** Task requirements **
Make an exact copy of the records, and keep the pictures out of it.

---------- Dataset ----------

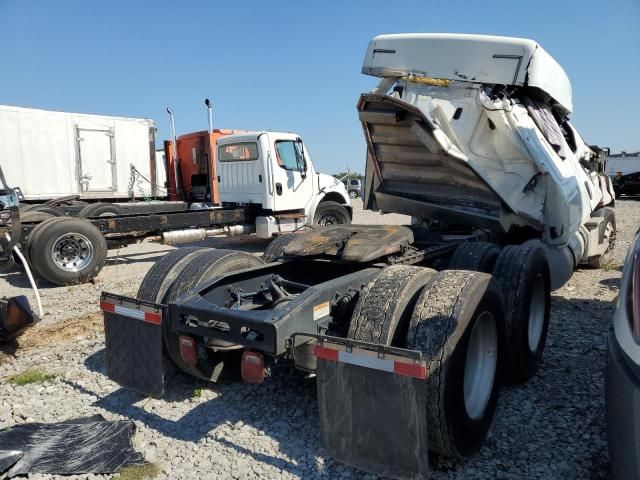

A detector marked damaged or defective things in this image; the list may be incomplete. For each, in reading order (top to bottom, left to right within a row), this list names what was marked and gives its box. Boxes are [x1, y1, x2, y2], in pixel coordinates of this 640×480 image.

damaged white semi-truck [99, 34, 616, 480]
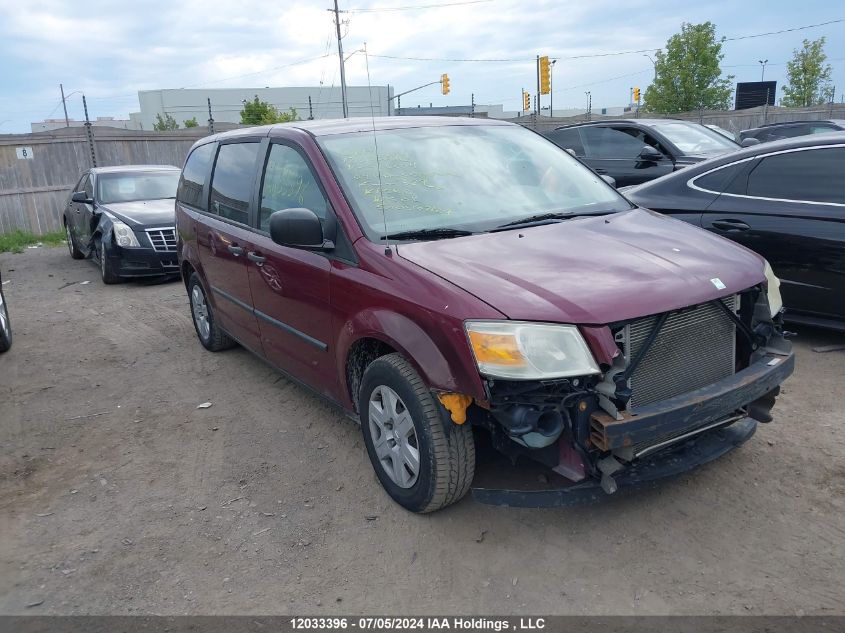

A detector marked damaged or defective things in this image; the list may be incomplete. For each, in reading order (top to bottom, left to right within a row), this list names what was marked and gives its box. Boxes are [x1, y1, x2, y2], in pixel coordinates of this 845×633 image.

damaged front bumper [472, 348, 796, 506]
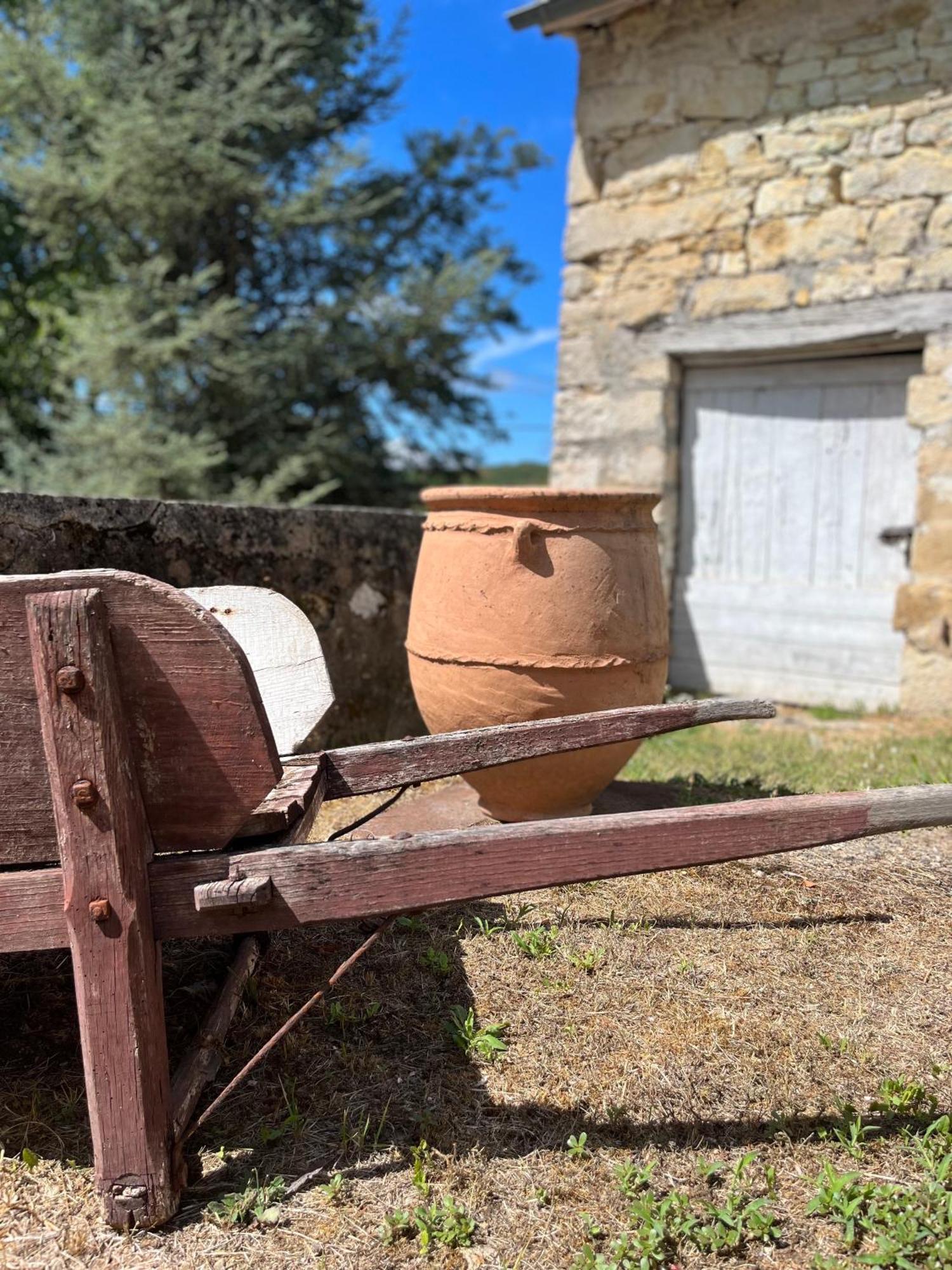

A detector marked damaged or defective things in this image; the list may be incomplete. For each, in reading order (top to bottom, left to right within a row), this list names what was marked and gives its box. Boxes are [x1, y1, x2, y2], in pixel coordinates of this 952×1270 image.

rusty metal bolt [55, 665, 85, 696]
rusty metal bolt [72, 777, 98, 808]
rusty metal bolt [89, 894, 111, 925]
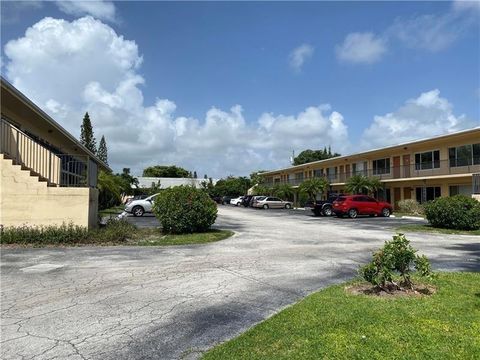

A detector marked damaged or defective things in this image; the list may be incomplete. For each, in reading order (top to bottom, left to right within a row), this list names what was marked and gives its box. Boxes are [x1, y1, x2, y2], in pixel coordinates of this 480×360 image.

cracked asphalt pavement [0, 207, 480, 358]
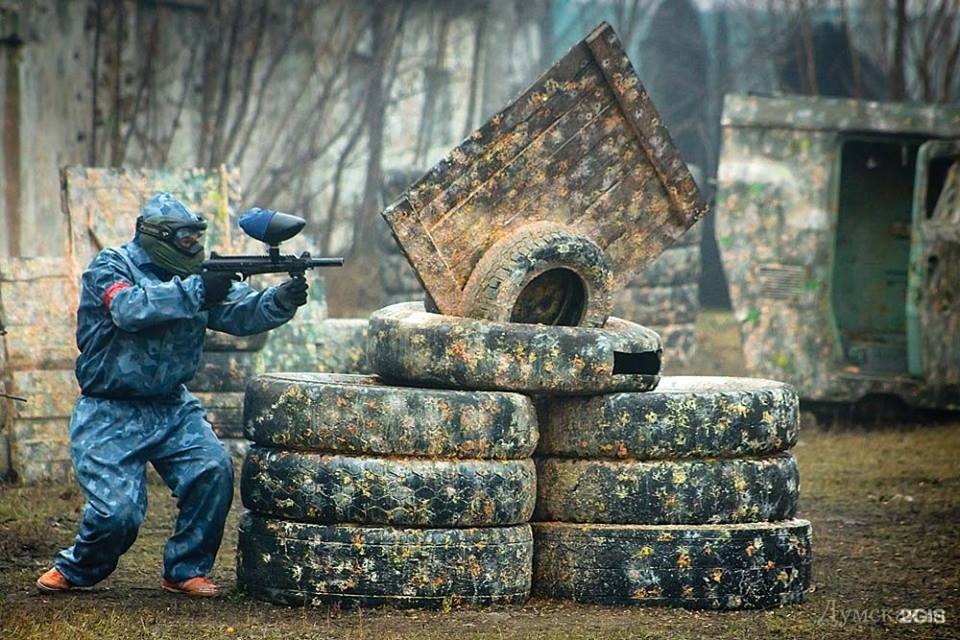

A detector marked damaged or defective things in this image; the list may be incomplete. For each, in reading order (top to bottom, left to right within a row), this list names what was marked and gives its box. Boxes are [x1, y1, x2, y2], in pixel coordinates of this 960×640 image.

rusty metal panel [382, 22, 704, 318]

----------

** Written response **
A detector marked damaged or defective things in this image; the list may be incomplete. For each, in reading order (top to bottom, left to right within a row), this list names what was marked and gives its box. Boxes are [x1, y1, x2, y2], in pixel coordinates of this 640×480 image.

damaged white semi-truck [99, 34, 616, 480]

A detector marked damaged or defective things in this image; the list may be incomplete. For each, in reading order (top to bottom, left to right within a row), this list names what was marked and gives its box. Boxes are [x1, y1, x2, y2], in pixel coordinates of this 845×633 image.

damaged front bumper [472, 348, 796, 506]

A detector marked damaged or defective things in this image; the list may be incomplete. For each, in reading order (top to bottom, left to right within a row), this list names what was marked and gives its box. Boxes are [x1, y1, x2, y2], in pixel coordinates of this 952×1270 image.

rusty metal bolt [55, 665, 85, 696]
rusty metal bolt [72, 777, 98, 808]
rusty metal bolt [89, 894, 111, 925]

A detector marked damaged or defective things in this image; the list may be incomplete. For each, in reading order (top to bottom, left to right within a row), this list names what was marked and gives its box. Boxes are [x1, y1, x2, y2], in pixel coordinates of this 480×360 image.

cracked asphalt pavement [0, 207, 480, 358]

A detector marked damaged or defective things in this image; the list may be incomplete. For each, in reading order (top to bottom, left to right within a row), this list names what was marked and gives its box. Boxes are [x1, y1, x2, y2], in pixel coordinates of this 960×640 image.

rusty metal panel [382, 22, 704, 318]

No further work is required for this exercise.